In this paper we focus on the effects of wettability on the entrapment. We measured capillary pressure curves for porous media with various wetting characteristics. We describe a procedure which allows the reader to quantify the trapped oil saturation depending on absolute permeability, relative permeability and capillary pressure curves of the foreset laminae, based on a simplified cross-bed geometry. The example calculations show the sensitivity of various parameters with respect to the magnitude of trapping.
The importance of capillary entrapment in small-scale heterogeneities during water flooding and EOR projects is generally recognized.
A typical heterogeneous facies is the cross-bedded sandstone (Fig. 1a), which is associated with fluvial and deltaic deposits. Cross-bedded reservoirs can be very fine- to coarse-grained and are generally moderately well sorted.
Cross-bed sets consist of foresets and bottomsets (Fig. 1b). The foresets consist of alternating layers of fine-grained and coarse-grained material with sharp boundaries. The bottomset consists of fine-grained material comparable to the fine grained foreset laminae. Typically, the average grain size of the fine-grained and coarse-grained laminae differs a factor 1.5. The coarse-grained laminae are generally more poorly sorted. Tables 1 and 2 give typical length scales of cross-bed sets, which were obtained from outcrop studies at a fluvial deposit in Spain.

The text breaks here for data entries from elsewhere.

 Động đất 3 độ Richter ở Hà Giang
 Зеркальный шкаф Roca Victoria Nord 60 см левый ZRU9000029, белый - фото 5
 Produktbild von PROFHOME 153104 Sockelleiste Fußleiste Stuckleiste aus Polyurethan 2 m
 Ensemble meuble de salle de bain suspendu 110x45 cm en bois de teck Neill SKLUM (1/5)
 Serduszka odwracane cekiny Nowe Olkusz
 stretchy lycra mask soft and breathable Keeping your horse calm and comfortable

Oil displacement from cross-bed sets has received broad attention. Ringrose et al. studied the effects of cross-layer flow and along-layer flow by numerical simulation. They determined oil-pseudo relative permeability curves based on simulation results. Pickup et al. introduced tensorial effects for one phase and two phase flow. The papers show the complexity involved in the quantification of trapped oil in cross-bedded structures.
In this paper we focus on the effects of heterogeneities in wettability and pore-structure on the residual oil saturation in cross-bedded reservoirs. To this end we studied the effects of wettability on the shape of the capillary pressure curve. Subsequently we derived simple analytical formulae relating the residual oil saturation to the dimensionless capillary number. These formulae clearly demonstrate the effects of sorting, wettability and scale. Finally, we validated the results through scaled laboratory experiments.

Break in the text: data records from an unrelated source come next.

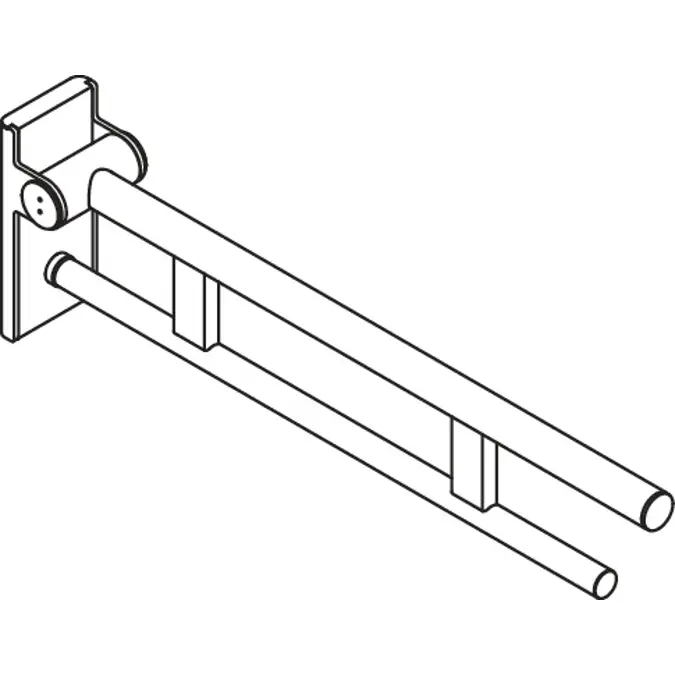 Hinged support rail Duo, 900-50-10260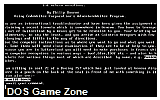 Geneva Adventure, The DOS Game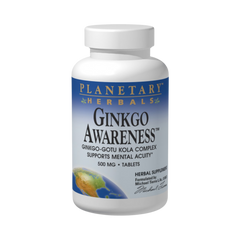 Planetary Herbals, Ginkgo Awareness, 30 Tablets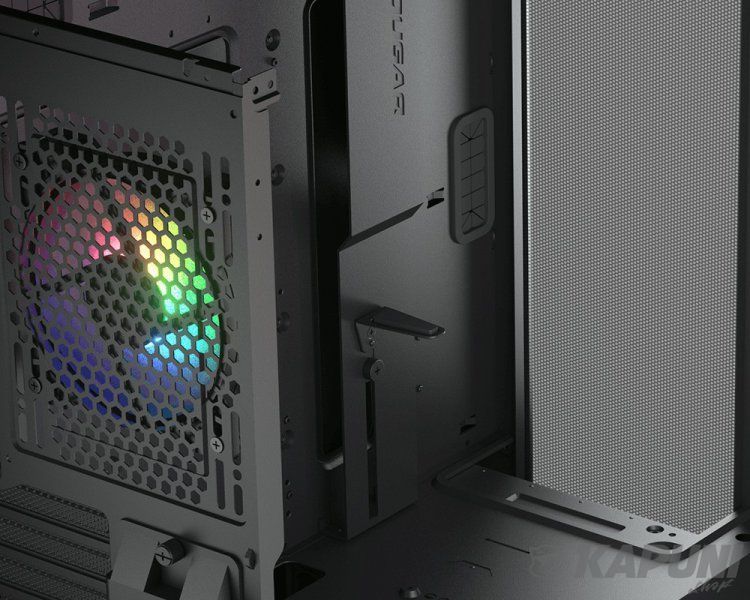 Игровой корпус Cougar 3*120mm ARGB, 1*120mm ARGB вентиляторы предустановлены, ATX/mATX/mini-ITX, стеклянное окно AIRFACE PRO RGB AIRFACE PRO RGB фото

Although the formulae were derived for simplified geometrical models, they allow the reader to obtain a quick estimate of the importance of trapping under specific field conditions.
Wettability in cross-bedded reservoirs
Apart from the heterogeneity in pore geometry, cross-bed sets may also show variations in the wettability of the laminae. One of the causes for wettability heterogeneities can be variations in the mineralogy of the different laminae. Hartkamp-Bakker reports variations with respect to the amount of quartz, kaolinite and anhydrite in cross-bedded fluvial sandstones. Robin et al. found quartz, feldspar, and illite to remain preferentially water-wet while kaolinite booklets were found to be oil-wet. They also reported that particle size can influence wettability.
Wettability in cross-bed sets can also be influenced by adsorption of hydrocarbon fractions (asphaltenes & resins) to the rock matrix.